No matter where you live, you can join Brooklyn Art Project (BAP) as an artist or art enthusiast and connect with a growing collective of 3000+ inspired minds from around the world. Membership is free and includes unlimited online gallery space, personal blogs, widgets to share and promote your work, forums, groups, and exclusive member only competitions and international shows.
I thought BAP would be a good place to start getting exposure for both my work and classes that I’m beginning to offer in NYC. Although I have gallery representation in NYC and exhibit regularly as a member of the Salmagundi Club, it would probably be a good idea for me to venture outside the “box” I’ve historically show my work in–the eastside from SoHo up to Gramercy Park, between 5th Avenue and Broadway. BAP has regularly monthly get togethers and exhibits featuring the work of its members. It’s a great way to meet other artists and curators who may be interested in either taking my workshops or exhibiting my paintings.
Why not just exhibit in New Jersey?
A lot of people ask me why I don’t exhibit in New Jersey since I live there. The simple truth is, I cannot find a suitable venue for my work. Since I paint so many urban landscapes of NYC, the city was just a natural fit. Also, there are not very many venues available to artists who don’t paint highly traditional subjects here in the Garden State.

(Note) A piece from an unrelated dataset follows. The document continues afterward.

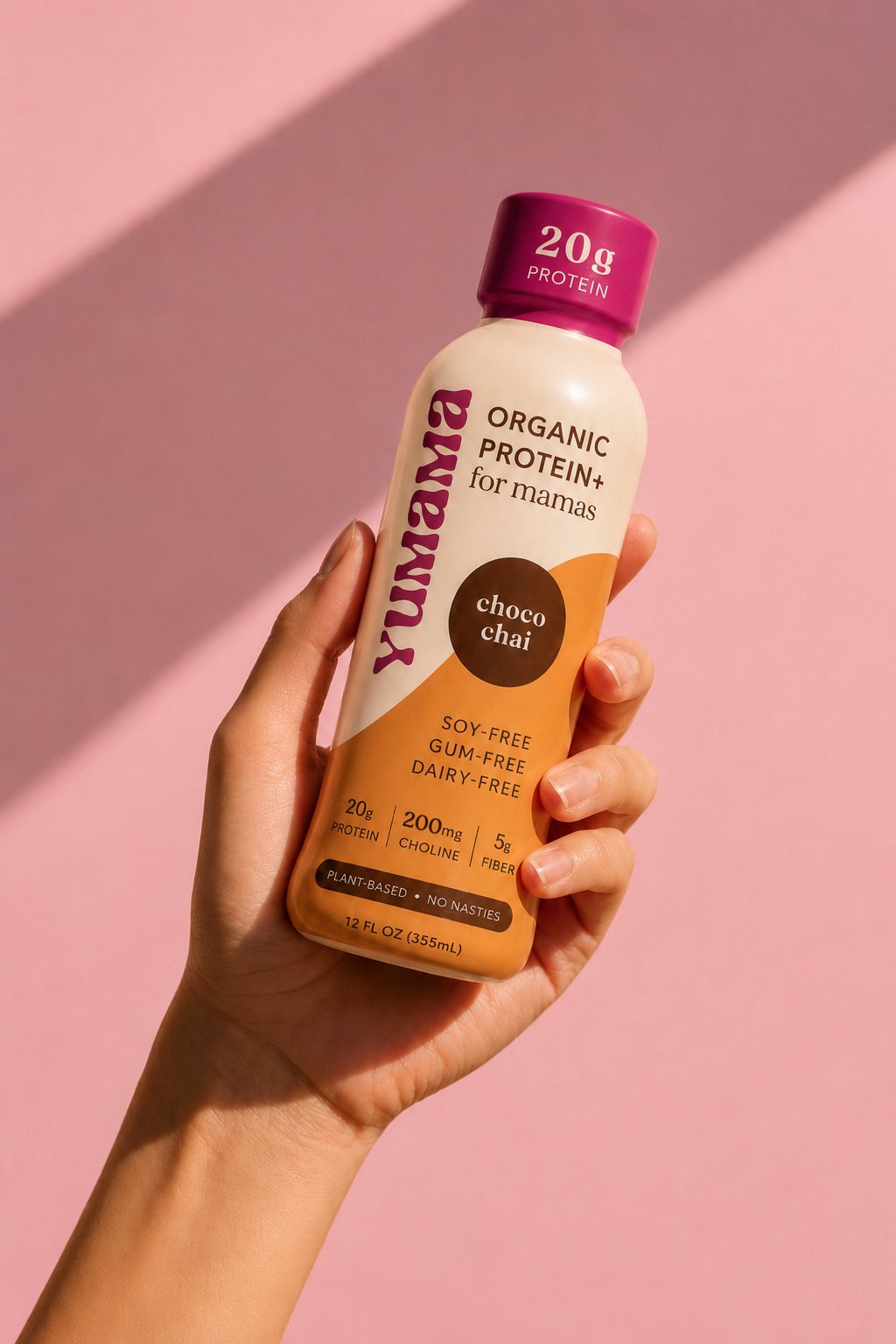 A hand holding a Yumama Choco Chai bottle against a pink background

So, as I mentioned earlier, I’ve become an instructor in NJ and an artist in NY. It doesn’t really bother me, although the commute is not something I want to do on a daily or even weekly basis, going in for exhibits I am in or to do workshops is great. So I plan to be spending more time there in the future, look for more classes and workshops and hopefully additional exhibits beyond my usual boundaries.